Pense o leitor neste quadro: era uma vez um país bonito por natureza, banhado por mares verdes e azuis, onde vivia um povo alegre e cordial, que jogava futebol, brincava o carnaval e sorria o dia inteiro. Tudo lá era divertido, sob a trilha sonora de um perpétuo samba exaltação. Pobres, ricos e remediados eram felizes, a inveja e o olho gordo não prosperavam, e não se via violência. Pouca gente sabia ler e escrever, o que não fazia falta, porque a felicidade era cada um vivendo tranquilo no seu cantinho enquanto sábios letrados tocavam o barco.
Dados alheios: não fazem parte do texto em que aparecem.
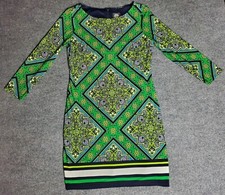 Vince Camuto Dress sz 6 Geometric Multi Blue Green Black & White Sheath Slip A6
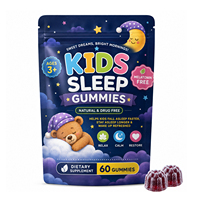 OLLI Gummies Sommeil Enfants Sans Mélatonine, Aide Naturelle au Sommeil avec L-Théanine Camomille Magnésium, Relaxation Calme Restauration 60 Gummies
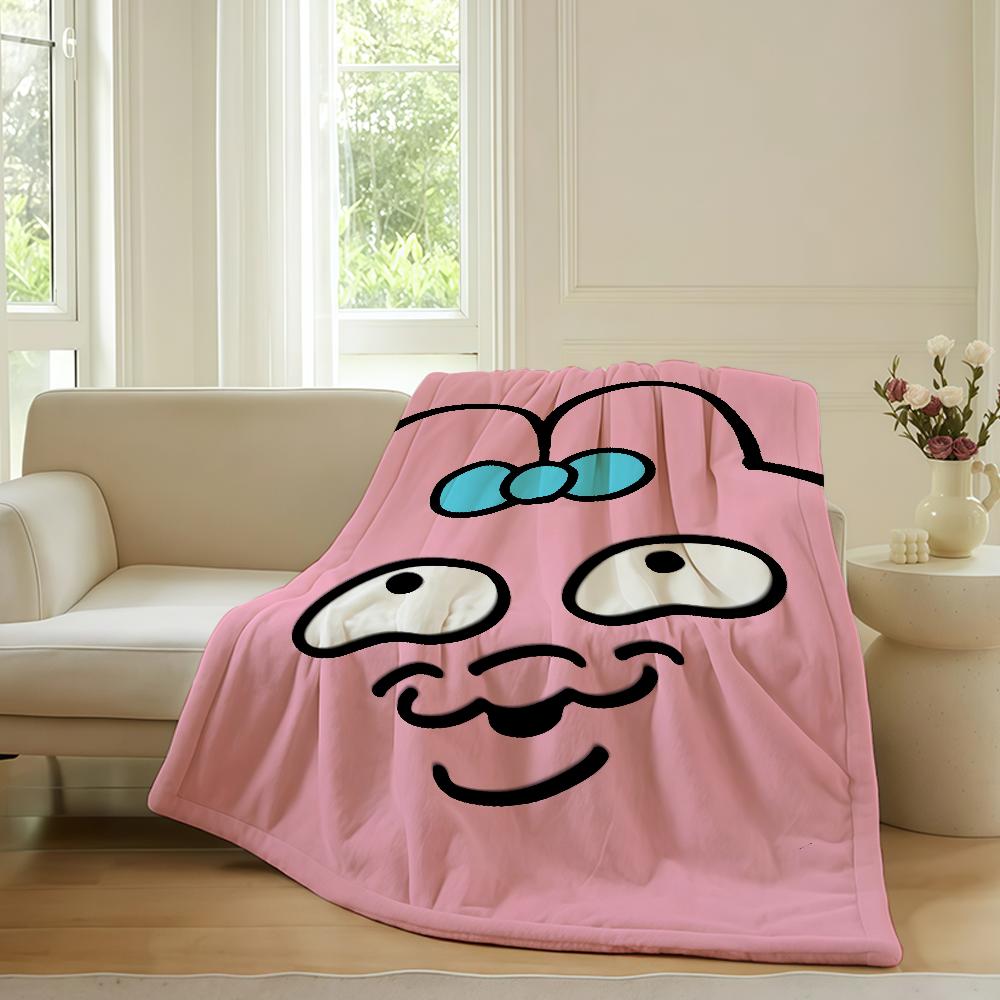 Fashion O-Opanchu U-Usagi-S Pink Blanket Warm Soft Suitable For Bedroom Sofa Bed Living Room Office Travel Camping Gifts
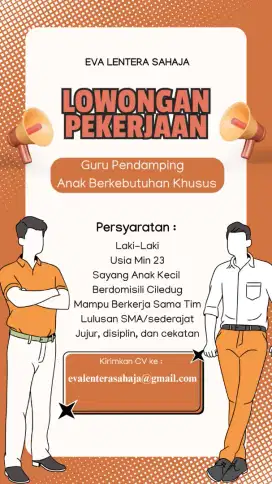 LOWONGAN KERJA GURU PENDAMPING ANAK BERKEBUTUHAN KHUSUS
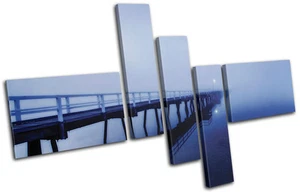 Pier Jetty Lake Sunset Seascape MULTI TELA parete arte foto stampa - Foto 1 di 1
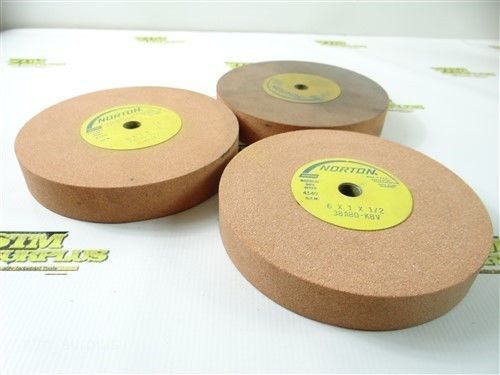 LOT OF 3 GRINDING WHEELS 6&#034; WITH 1/2&#034; BORE, BY NORTON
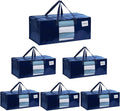 VENO 6 Pack Heavy Duty Moving Bags, Packing Bags with Clear Window, Alternative to Moving Boxes, Storage Bins for Clothes, Blankets, Comforters, College Dorm Essentials (Blue, 6 Pack)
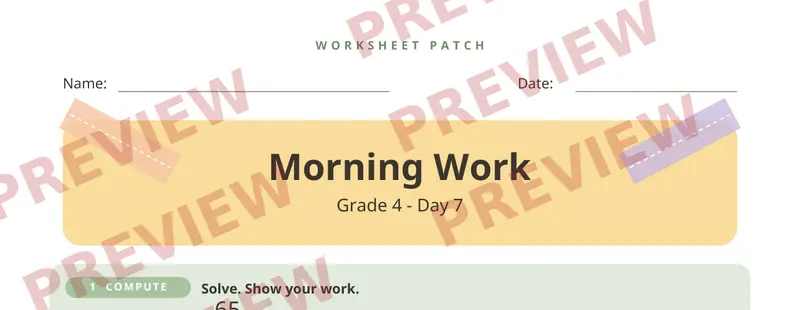 Partial preview of Morning Work: Grade 4, Day 7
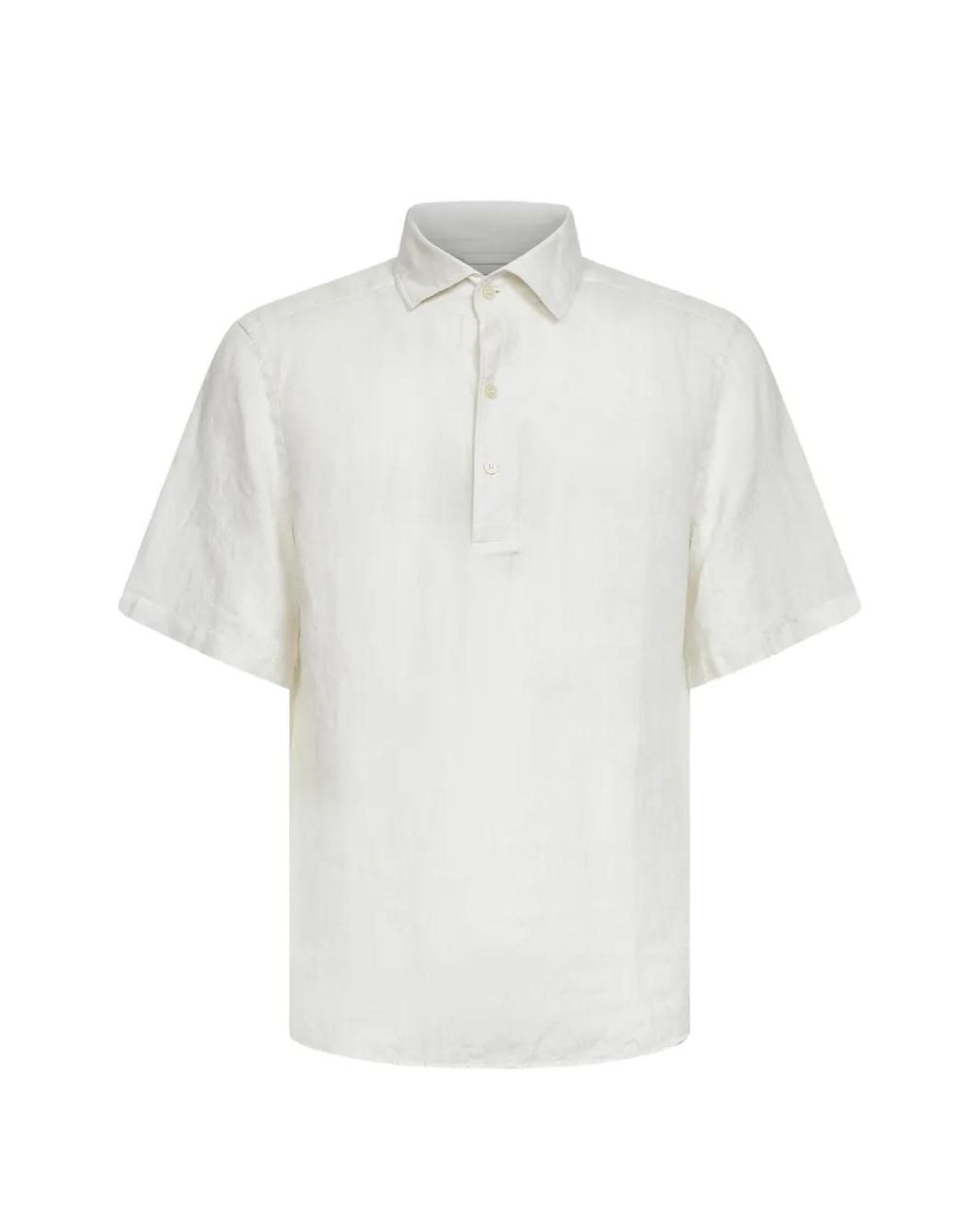 Mc2 Saint Barth White Raphael Linen Polo Shirt for men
E o resto do mundo, de tempos em tempos, pasmava-se com aquele paraíso sorridente, capaz de façanhas incríveis, para grande orgulho nacional.
Este conto da carochinha é uma das mais resistentes expressões de um secreto imaginário brasileiro: as pesquisas indicam que somos um dos povos mais felizes do mundo. Como a felicidade é um valor subjetivo quem pode medir minha felicidade senão eu mesmo? , é preciso acreditar no otimismo do país. Em qualquer lugar do mundo, dizemos a palavra mágica "Brasil!" , e o interlocutor sorrirá com simpatia.
A questão é que o mundo vem mudando tanto que até o Brasil largou a preguiça e passou a correr atrás do futuro, porque uma das faces da nossa felicidade é o gosto novidadeiro. Daí vieram os computadores, os celulares, a internet, o facebook, o tuíter, o G3, os tablets, o G4, a tevê digital, o GPS, os selfies, o BBB e, principalmente, a seção de comentários das páginas da internet.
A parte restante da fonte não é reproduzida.